Sécheresse-Climat : » La maison brûle »
Après l’ère de l’« anthropocène », du « capitalocène » et du « technocène », le philosophe et économiste Guillaume Quiquerez propose, dans une tribune au « Monde », celle du « corporocène », afin de mieux prendre en compte la responsabilité des grandes entreprises dotées d’une personnalité morale dans la croissance des émissions de gaz à effet de serre.
C’était à la fin de l’été 2002, il y a vingt ans. Reprenant la métaphore soufflée par [le physicien et géopolitologue] Jean-Paul Deléage, le président Chirac marquait les esprits lors du 4e Sommet de la Terre à Johannesburg (Afrique du Sud), en déclarant à la tribune : « Notre maison brûle et nous regardons ailleurs. »
Quelques mois auparavant, le chimiste de l’atmosphère Paul Crutzen (1933-2021) avait publié un article fondateur dans Nature, « Geology of mankind », où il qualifiait d’« anthropocène » la nouvelle ère géologique causée par l’activité humaine. Cela faisait déjà plusieurs décennies que l’on savait que la croissance des émissions de gaz à effet de serre aurait pour conséquence de changer le climat. Mais, pour beaucoup, l’affaire demeurait abstraite.

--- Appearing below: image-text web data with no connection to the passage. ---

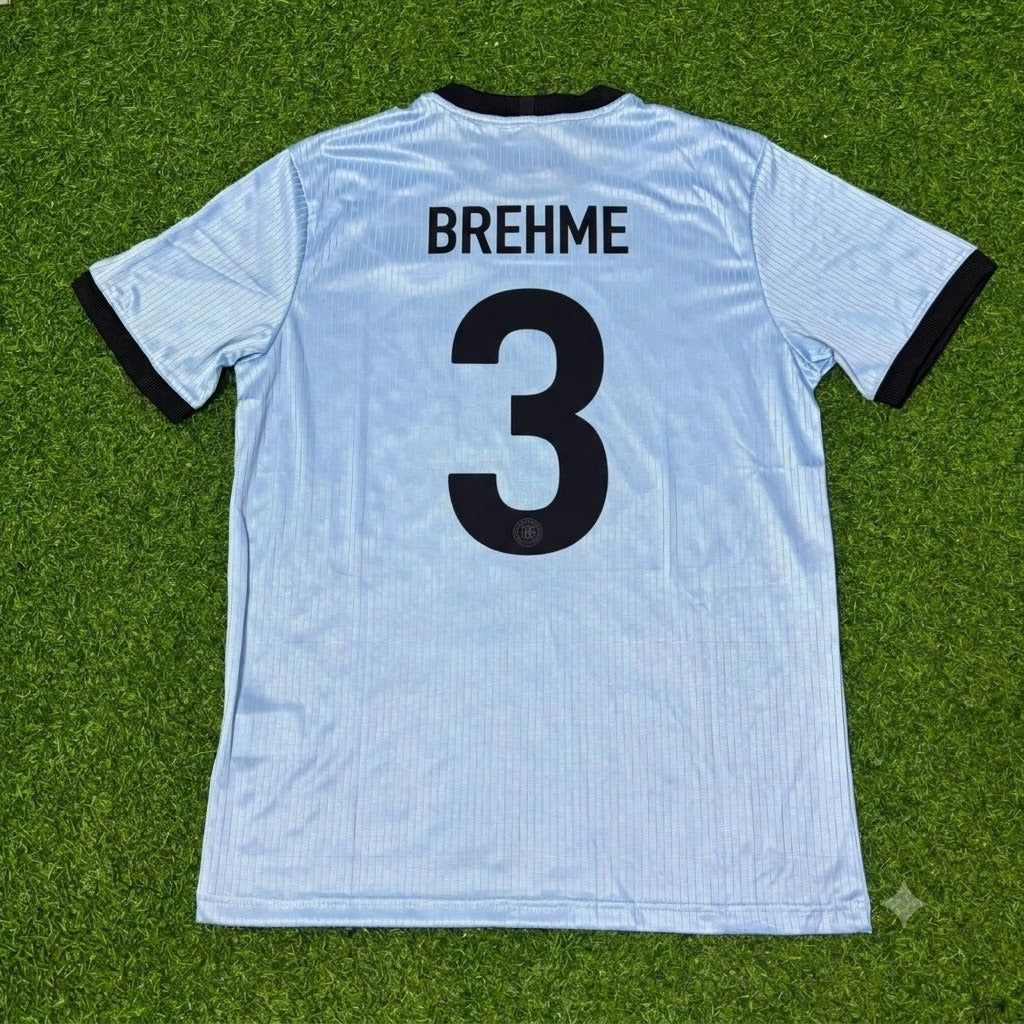 Andreas Brehme Germany 125th Year Special Clear Blue Retro Football Jersey Kit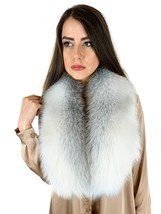 Smokey Golden Island Fox Fur Collar 43' (110cm) Saga Furs Unique Fur Color image 2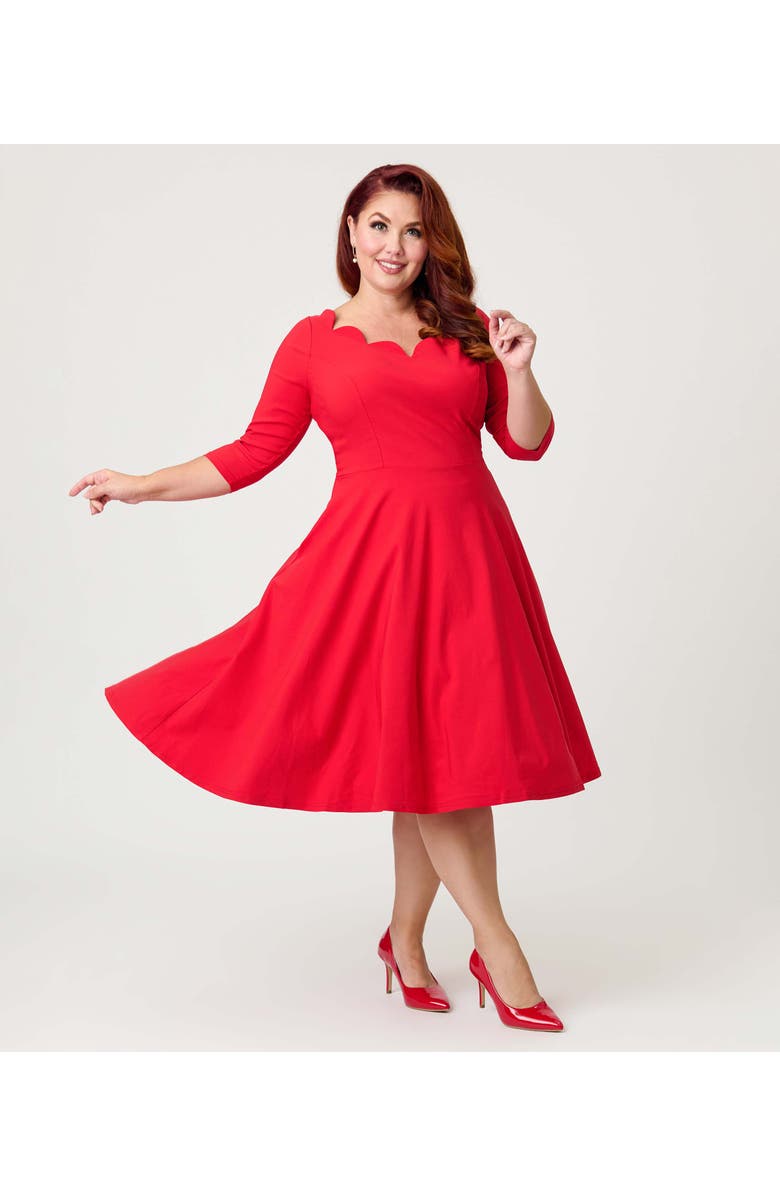Unique Vintage Plus Size Scalloped Neck Swing Dress, Alternate, color, Red Solid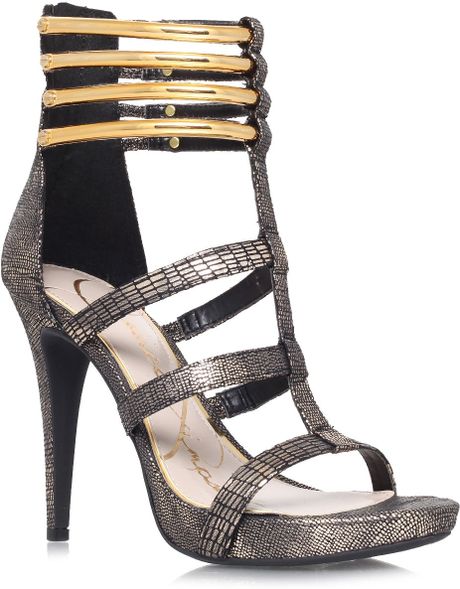 Jessica Simpson Cendini Heeled Court Shoes in Black (Gold) | Lyst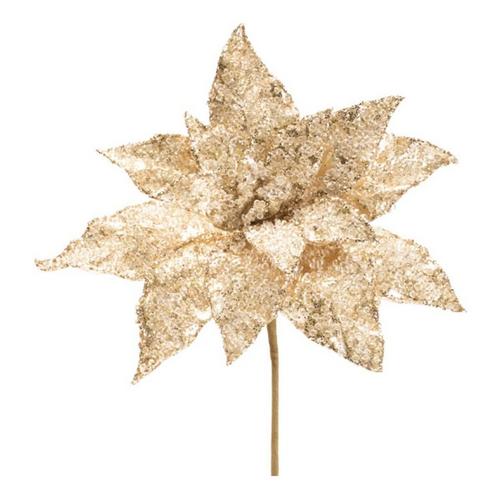 Melrose International Polyester Beaded Poinsettia Flower Stem (Set of 2) - Primary Image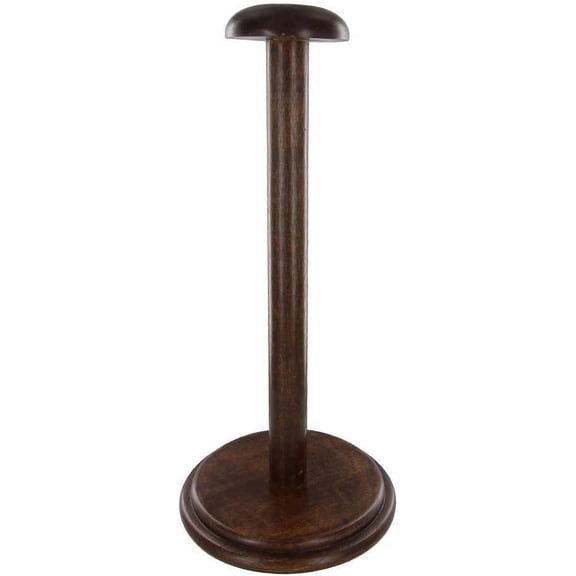 Handmade Round Base Wooden Helmet Stand Display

Si l’on compte à partir du début de l’ère industrielle, la concentration atmosphérique en dioxyde de carbone a augmenté de moitié. En parallèle, celle du méthane, gaz étrangement évacué des débats publics, a bien plus que doublé. Dès 2003, la France connaissait une canicule occasionnant environ 15 000 morts en vingt-quatre jours. Depuis, année après année, de métaphorique, la « brûlure » est progressivement devenue épreuve.
En cet été 2022, notre maison brûle, vraiment : le feu dévore les forêts, le lit des rivières s’assèche, les glaciers et le pergélisol fondent, des événements climatiques jadis rares secouent la planète pendant que la canicule dérègle les équilibres complexes patiemment forgés au sein des écosystèmes océaniques.